Prognostic Value of the H2FPEF Score in Adults With Repaired Coarctation of Aorta

JACC Adv. 2022 Nov 16;1(5):100130. doi: 10.1016/j.jacadv.2022.100130. eCollection 2022 Dec.

Abstract

Background: Risk stratification is challenging in adults with repaired coarctation of aorta (COA) because of the complex interaction of multiple hemodynamic factors and differences in left ventricular adaptation to these factors. The H2FPEF score was originally developed for differentiating between heart failure with preserved ejection fraction and noncardiac dyspnea, but it has been shown to be useful for prognostication in other cardiovascular pathologies.

Objectives: The purpose of this study was to assess the prognostic role of the H2FPEF score in adults with repaired COA.
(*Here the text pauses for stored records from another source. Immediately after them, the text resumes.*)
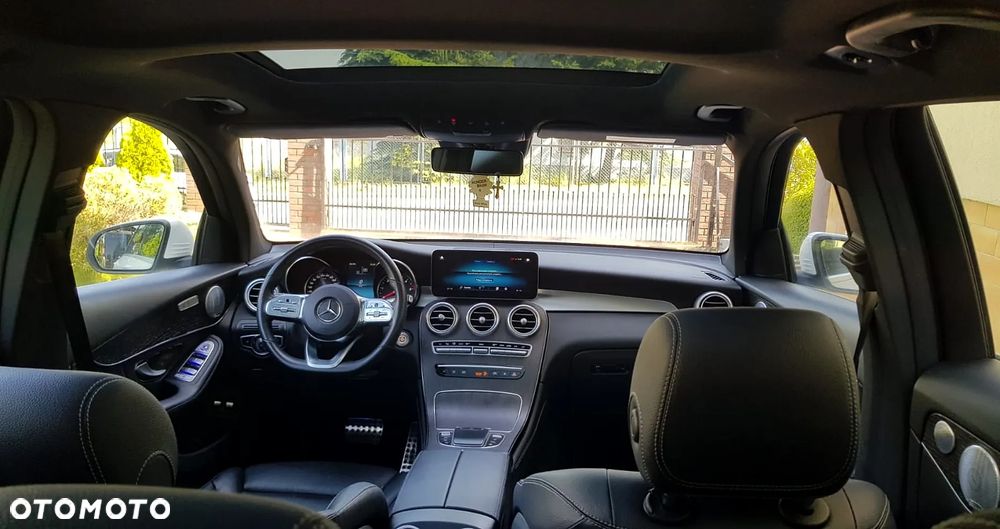 Mercedes-Benz GLC 220 d 4Matic 9G-TRONIC AMG Line - 17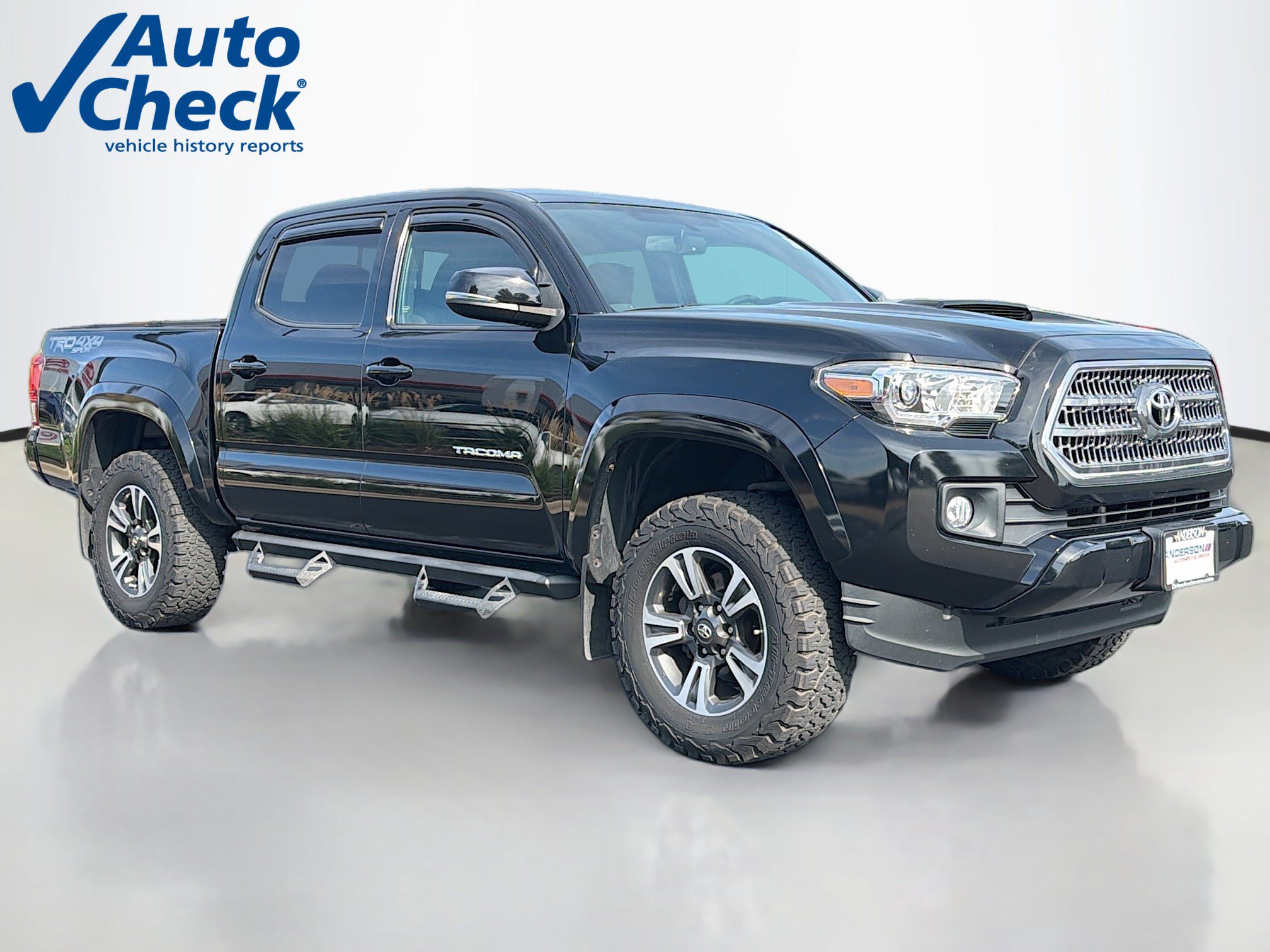 Used 2017 Toyota Tacoma TRD Sport w/ Tow Package (A/T)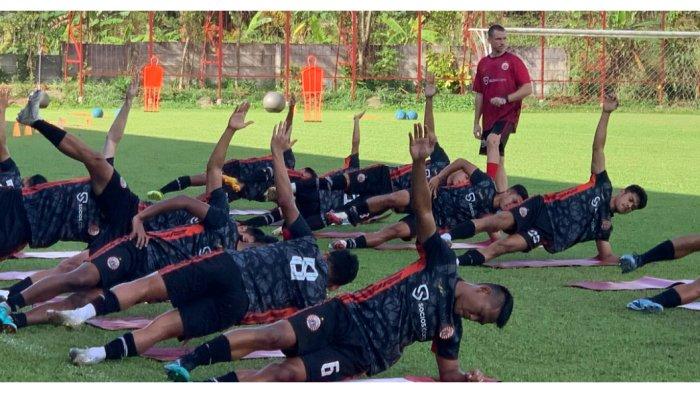 Sesi latihan Persija Jakarta di Nirwana Park, Depok, Jawa Barat, Senin (20/2/2023).
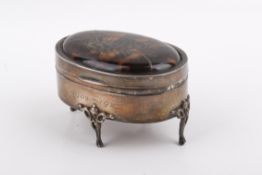 A George V sterling silver and tortoiseshell jewellery box by Charles & Richard Comyns, London 1923.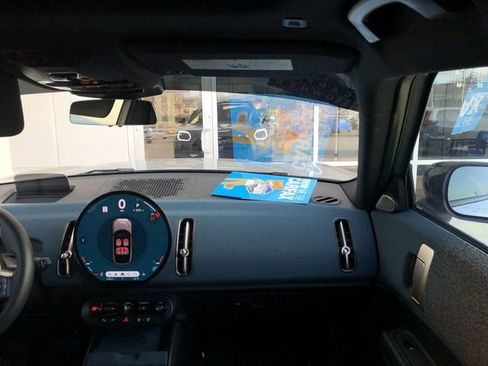 Used 2025 MINI Cooper Countryman S w/ Comfort Package Max image 21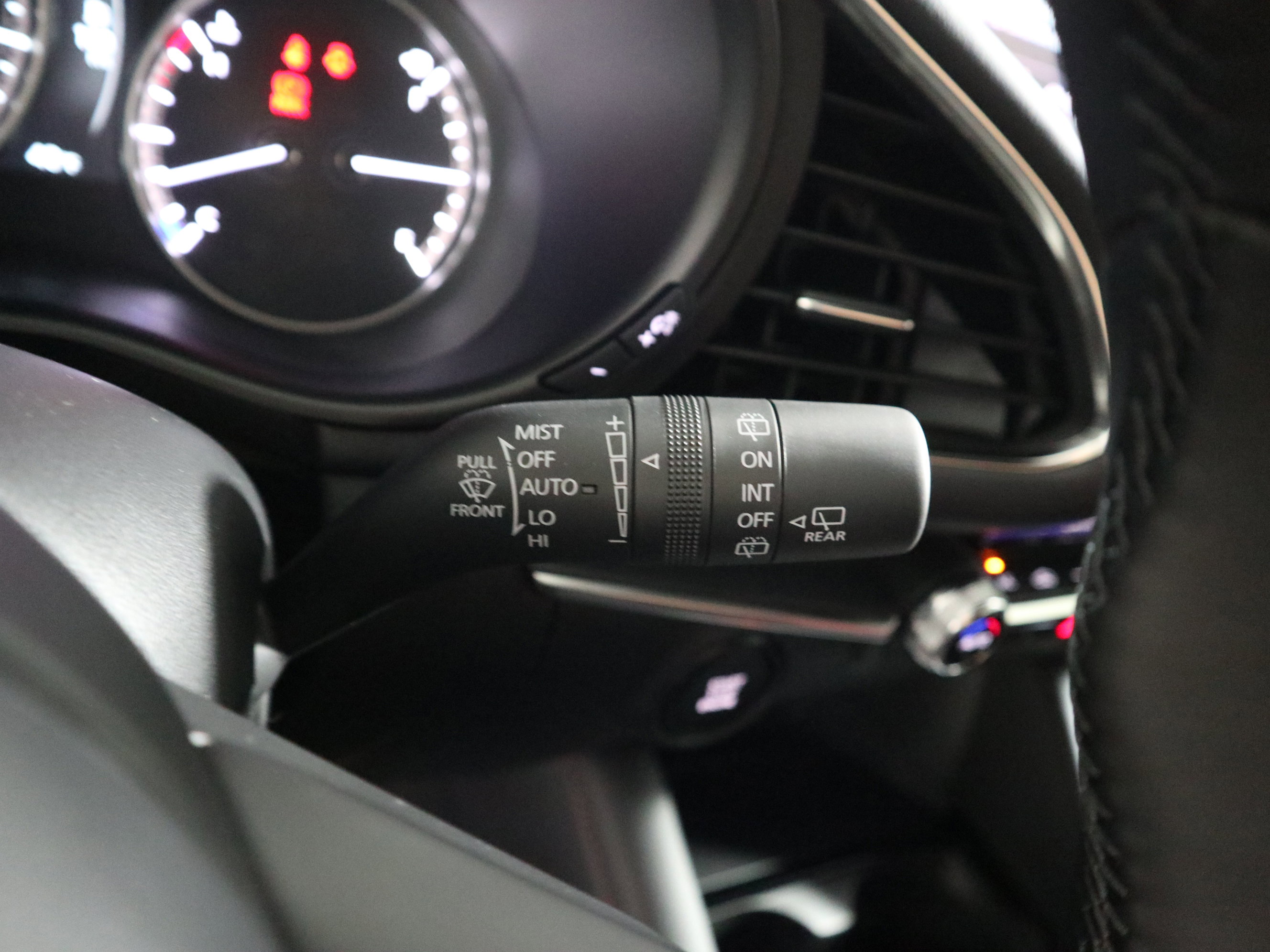 New 2026 MAZDA MAZDA3 Carbon image 24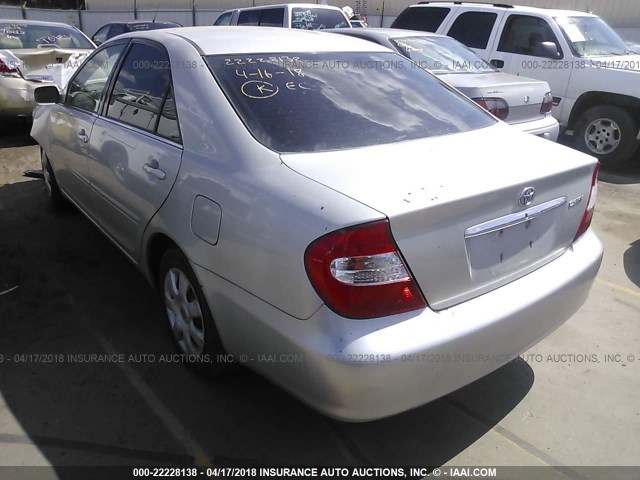 4T1BE32K92U597635 - 2002 TOYOTA CAMRY LE/XLE/SE ნაცრისფერი ფოტო 3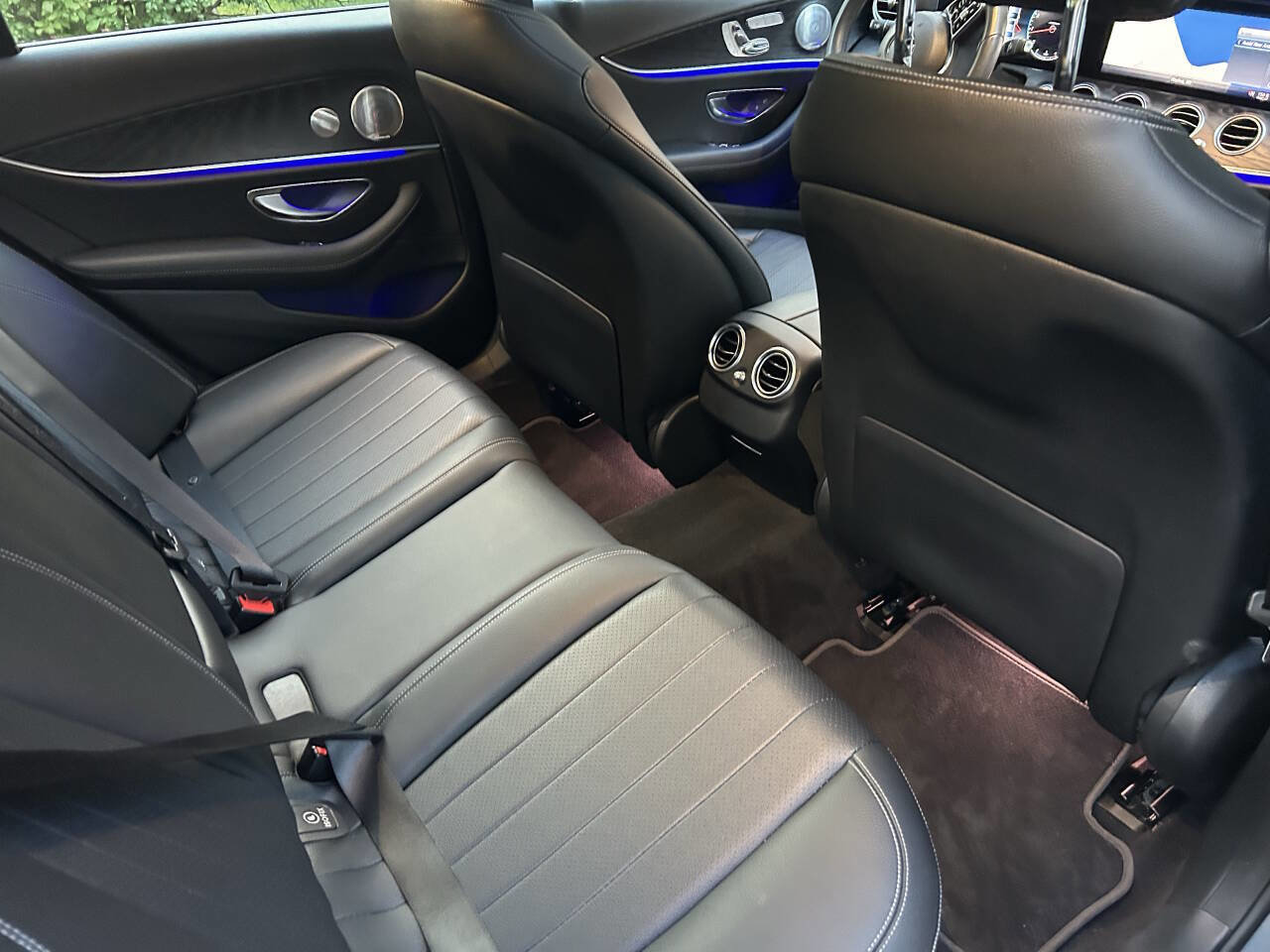 Used 2020 Mercedes-Benz E 350 4MATIC Sedan w/ Parking Assistance Package image 39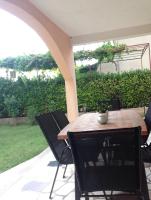 Vonkajšia záhrada v ubytovaní Zimmer Room Trogir Kastela Split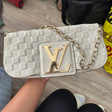Сумка • Louis Vuitton • Молочный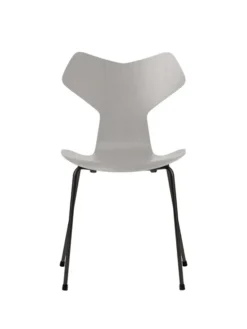 3130 Grand Prix stol i farvet ask af Arne Jacobsen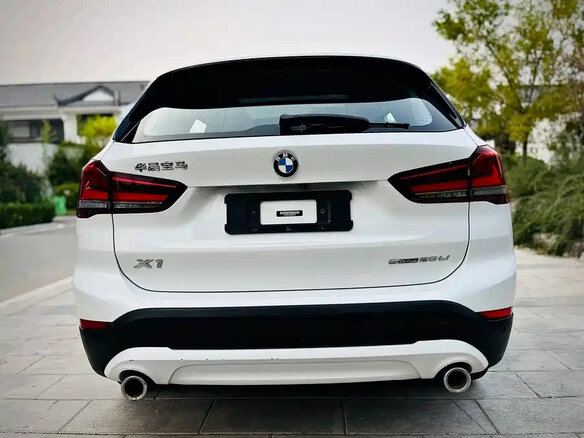 2022 BMW X1 Long 20Li sDrive II (F48) Рестайлинг, белый, 1970500 рублей - вид 4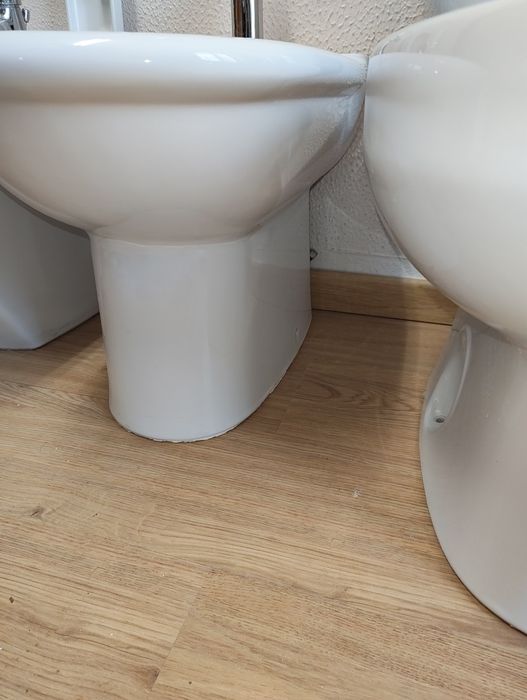 Bidés , roca e Sanitana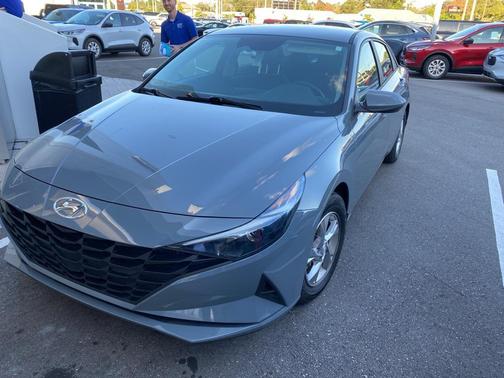 2022 Hyundai ELANTRA SE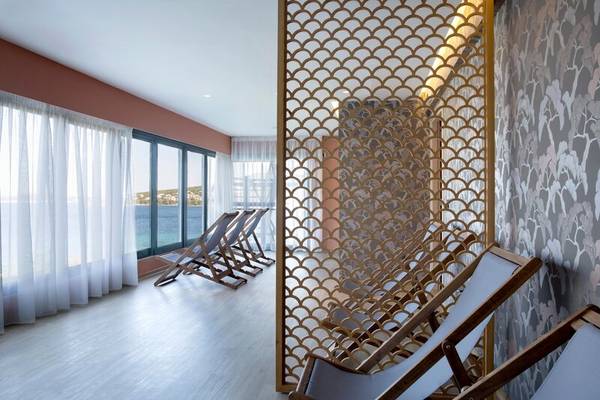 Loungebereich im Dolce Athens Attica Riviera Hotel mit Blick auf das Meer.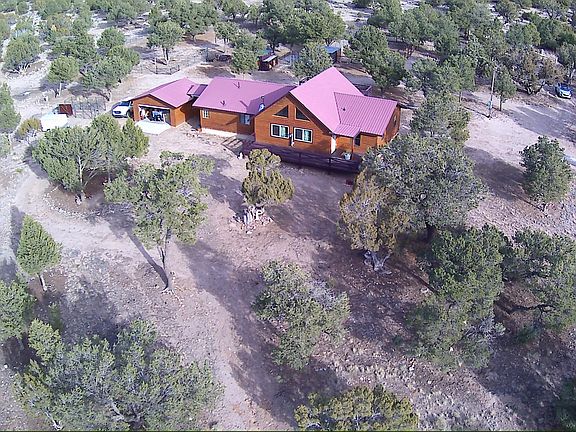 2nd image of 47 Pinewood Cir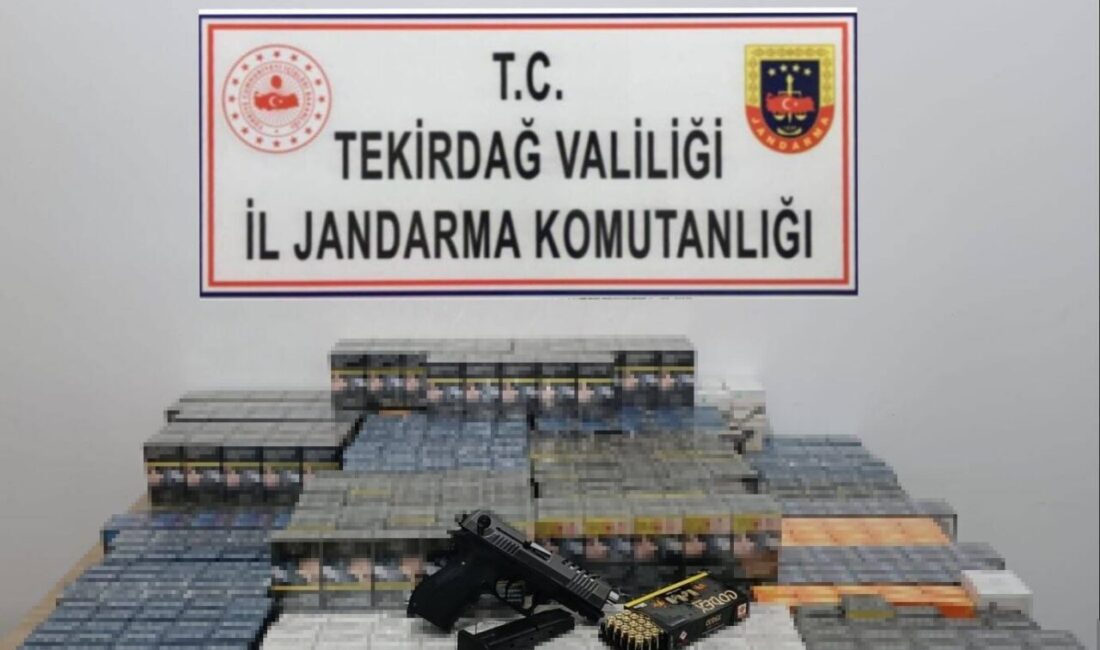 Tekirdağ’da Operasyon: Kaçak Tütün ve Ruhsatsız Silahlar Ele Geçirildi Tekirdağ'da gerçekleştirilen operasyonlarda, jandarma ekipleri Ü.E. ve B.K. adlı şahısların
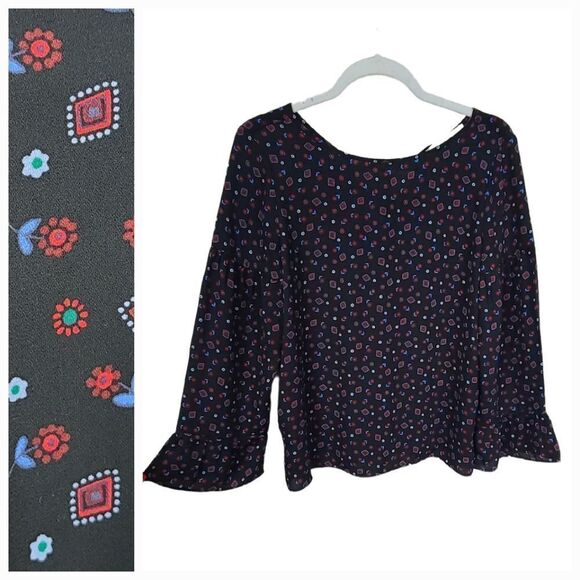 LOFT Petite Black Geo Floral Bell Sleeve Mixed Media Top Women's Blouse XSP - Picture 1 of 14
Methods: This is a retrospective cohort study of adults with repaired COA at the Mayo Clinic (2003-2019). The H2FPEF score was calculated at baseline and at 5-year follow-up. Cardiovascular events (heart failure hospitalization, transplant, or cardiovascular death) were ascertained from medical records.

Results: We identified 712 patients (age 33 years [range 21-45 years]; 419 [59%] males). The baseline H2FPEF score was 2.2 ± 1.4. There was a temporal increase in the H2FPEF score at 5 years (ΔH2FPEF score 0.34 ± 0.11) due to the increase in the prevalence of hypertension, obesity, and high filling pressures. The H2FPEF score correlated with left atrial volume (r = 0.73, P < 0.001), right atrial volume (r = 0.41, P < 0.001), right ventricular fractional area change (r = -0.46, P < 0.001), and left ventricular e' (r = -0.52, P < 0.001). Both the baseline H2FPEF score and ΔH2FPEF score were independently associated with cardiovascular events.

Conclusions: These results suggest that the H2FPEF score can be used for prognostication in patients with COA. The temporal increase in the H2FPEF score was due to factors such as hypertension, obesity, and high filling pressures, and hence, it provides potential therapeutic targets to improve outcomes in this population.

Keywords: heart failure; mortality; prognostication.